____ Provided records
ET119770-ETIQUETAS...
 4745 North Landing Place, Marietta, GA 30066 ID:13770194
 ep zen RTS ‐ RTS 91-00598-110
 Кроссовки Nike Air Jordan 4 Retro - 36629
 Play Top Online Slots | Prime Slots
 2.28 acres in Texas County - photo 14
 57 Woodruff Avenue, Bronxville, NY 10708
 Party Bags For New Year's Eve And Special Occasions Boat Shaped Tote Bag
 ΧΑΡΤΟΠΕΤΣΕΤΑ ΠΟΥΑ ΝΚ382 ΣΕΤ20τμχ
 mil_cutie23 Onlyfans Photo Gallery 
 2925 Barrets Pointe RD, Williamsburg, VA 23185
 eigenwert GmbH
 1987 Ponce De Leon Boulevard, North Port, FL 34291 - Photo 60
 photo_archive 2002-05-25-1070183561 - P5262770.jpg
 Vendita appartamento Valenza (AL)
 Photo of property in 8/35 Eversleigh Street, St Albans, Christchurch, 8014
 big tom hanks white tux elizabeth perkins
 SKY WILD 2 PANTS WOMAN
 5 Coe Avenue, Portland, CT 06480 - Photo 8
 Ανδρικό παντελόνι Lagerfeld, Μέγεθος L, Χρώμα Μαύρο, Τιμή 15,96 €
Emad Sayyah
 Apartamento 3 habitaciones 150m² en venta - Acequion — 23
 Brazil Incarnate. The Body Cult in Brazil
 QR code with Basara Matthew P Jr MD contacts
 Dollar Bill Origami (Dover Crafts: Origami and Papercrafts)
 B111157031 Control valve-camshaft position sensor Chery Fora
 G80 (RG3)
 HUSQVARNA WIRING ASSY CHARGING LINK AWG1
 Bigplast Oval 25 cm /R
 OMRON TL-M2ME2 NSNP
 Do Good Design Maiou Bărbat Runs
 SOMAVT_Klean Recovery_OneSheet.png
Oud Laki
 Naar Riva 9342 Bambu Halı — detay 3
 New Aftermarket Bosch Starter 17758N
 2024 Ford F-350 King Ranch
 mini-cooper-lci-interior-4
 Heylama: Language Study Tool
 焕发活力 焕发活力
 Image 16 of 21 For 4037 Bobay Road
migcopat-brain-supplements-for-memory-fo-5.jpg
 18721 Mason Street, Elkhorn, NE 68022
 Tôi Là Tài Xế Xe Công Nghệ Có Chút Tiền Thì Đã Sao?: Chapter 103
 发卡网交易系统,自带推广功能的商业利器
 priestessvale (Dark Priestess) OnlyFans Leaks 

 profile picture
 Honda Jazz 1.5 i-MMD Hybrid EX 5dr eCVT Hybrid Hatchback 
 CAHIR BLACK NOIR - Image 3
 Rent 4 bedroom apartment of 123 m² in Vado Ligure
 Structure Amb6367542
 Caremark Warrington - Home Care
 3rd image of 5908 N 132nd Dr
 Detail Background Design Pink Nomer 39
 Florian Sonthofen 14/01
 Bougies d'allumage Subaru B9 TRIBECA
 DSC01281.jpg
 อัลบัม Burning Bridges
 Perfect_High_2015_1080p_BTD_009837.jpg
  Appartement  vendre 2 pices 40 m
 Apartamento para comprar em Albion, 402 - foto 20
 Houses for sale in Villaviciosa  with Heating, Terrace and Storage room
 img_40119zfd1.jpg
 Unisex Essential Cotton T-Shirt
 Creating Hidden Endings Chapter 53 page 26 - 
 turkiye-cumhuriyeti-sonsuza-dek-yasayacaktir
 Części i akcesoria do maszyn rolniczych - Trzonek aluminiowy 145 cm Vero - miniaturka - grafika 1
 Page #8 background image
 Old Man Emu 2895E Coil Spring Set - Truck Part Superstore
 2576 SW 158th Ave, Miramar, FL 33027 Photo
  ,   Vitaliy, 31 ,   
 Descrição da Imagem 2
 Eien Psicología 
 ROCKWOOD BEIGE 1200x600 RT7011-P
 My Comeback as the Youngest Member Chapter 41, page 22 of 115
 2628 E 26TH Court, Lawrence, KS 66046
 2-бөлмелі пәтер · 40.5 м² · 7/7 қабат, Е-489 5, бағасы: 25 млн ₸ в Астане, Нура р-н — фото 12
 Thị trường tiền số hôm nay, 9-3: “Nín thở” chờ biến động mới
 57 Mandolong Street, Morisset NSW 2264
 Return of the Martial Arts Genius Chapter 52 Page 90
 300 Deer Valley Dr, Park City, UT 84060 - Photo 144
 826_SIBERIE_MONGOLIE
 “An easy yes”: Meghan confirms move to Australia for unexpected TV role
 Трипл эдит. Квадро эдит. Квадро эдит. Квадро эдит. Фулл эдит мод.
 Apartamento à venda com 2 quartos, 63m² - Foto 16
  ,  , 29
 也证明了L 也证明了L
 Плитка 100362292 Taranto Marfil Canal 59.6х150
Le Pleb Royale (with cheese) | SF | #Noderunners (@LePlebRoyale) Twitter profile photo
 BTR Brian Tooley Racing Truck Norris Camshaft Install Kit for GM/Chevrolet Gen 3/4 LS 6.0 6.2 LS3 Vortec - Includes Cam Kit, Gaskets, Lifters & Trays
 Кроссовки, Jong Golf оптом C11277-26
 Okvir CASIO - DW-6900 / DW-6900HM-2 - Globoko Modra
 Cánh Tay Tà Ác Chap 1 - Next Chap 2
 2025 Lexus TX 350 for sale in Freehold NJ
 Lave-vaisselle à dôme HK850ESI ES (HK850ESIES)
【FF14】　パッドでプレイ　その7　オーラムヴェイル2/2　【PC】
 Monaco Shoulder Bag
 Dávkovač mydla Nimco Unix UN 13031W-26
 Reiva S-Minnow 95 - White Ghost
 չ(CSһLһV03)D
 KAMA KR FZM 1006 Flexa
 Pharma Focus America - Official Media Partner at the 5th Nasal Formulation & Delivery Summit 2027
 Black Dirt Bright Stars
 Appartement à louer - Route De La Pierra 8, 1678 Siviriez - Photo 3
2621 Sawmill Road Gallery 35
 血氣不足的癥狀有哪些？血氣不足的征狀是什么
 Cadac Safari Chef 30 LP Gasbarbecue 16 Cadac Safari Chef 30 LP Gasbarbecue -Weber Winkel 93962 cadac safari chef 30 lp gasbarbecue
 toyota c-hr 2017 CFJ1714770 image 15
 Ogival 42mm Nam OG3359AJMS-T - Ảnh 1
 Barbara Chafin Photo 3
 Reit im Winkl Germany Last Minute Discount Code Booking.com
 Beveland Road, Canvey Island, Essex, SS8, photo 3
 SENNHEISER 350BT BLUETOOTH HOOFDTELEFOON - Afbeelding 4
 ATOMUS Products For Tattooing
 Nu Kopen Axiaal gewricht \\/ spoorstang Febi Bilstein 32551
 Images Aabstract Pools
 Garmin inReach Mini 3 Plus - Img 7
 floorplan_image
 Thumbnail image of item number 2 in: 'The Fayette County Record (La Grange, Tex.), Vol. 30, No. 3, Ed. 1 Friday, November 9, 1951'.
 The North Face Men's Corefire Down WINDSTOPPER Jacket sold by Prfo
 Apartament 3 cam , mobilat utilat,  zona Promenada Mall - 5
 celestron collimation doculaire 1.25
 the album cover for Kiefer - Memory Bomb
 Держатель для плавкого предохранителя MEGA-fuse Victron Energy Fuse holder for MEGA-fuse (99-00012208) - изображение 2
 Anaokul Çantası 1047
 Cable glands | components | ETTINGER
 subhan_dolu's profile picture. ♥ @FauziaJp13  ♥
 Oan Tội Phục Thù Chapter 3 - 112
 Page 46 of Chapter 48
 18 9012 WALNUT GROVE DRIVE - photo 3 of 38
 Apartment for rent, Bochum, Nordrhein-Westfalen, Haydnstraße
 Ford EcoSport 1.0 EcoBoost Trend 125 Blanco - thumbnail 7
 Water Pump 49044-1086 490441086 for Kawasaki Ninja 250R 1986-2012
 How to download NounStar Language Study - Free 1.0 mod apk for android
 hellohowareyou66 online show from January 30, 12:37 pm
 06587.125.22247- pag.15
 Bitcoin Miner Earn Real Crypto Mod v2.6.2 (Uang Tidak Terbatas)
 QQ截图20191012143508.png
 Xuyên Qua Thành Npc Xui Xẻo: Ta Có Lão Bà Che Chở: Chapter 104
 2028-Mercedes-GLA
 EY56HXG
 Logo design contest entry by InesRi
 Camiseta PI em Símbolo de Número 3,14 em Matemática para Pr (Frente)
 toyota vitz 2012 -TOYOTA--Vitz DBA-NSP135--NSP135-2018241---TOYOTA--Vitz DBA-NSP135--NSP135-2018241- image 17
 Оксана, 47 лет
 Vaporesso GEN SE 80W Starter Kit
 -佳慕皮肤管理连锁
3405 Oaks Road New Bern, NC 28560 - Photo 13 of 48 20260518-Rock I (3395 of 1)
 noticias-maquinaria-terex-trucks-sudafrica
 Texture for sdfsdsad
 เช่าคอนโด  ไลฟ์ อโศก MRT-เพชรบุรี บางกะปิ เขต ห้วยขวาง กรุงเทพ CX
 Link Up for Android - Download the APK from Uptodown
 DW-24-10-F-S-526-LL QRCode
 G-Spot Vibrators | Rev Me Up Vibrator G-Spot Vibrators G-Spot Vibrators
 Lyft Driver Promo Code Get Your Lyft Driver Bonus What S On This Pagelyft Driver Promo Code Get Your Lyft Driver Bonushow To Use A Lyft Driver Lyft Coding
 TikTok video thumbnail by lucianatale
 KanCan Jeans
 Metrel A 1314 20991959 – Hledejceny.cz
________
→ Task requirements:
Please give an exact copy of the entries above, from the line with "2.28 acres in Texas County - photo 14" down to the line with "1987 Ponce De", inclusive, and nothing else.

→ The completed task:
 2.28 acres in Texas County - photo 14
 57 Woodruff Avenue, Bronxville, NY 10708
 Party Bags For New Year's Eve And Special Occasions Boat Shaped Tote Bag
 ΧΑΡΤΟΠΕΤΣΕΤΑ ΠΟΥΑ ΝΚ382 ΣΕΤ20τμχ
 mil_cutie23 Onlyfans Photo Gallery 
 2925 Barrets Pointe RD, Williamsburg, VA 23185
 eigenwert GmbH
 1987 Ponce De Leon Boulevard, North Port, FL 34291 - Photo 60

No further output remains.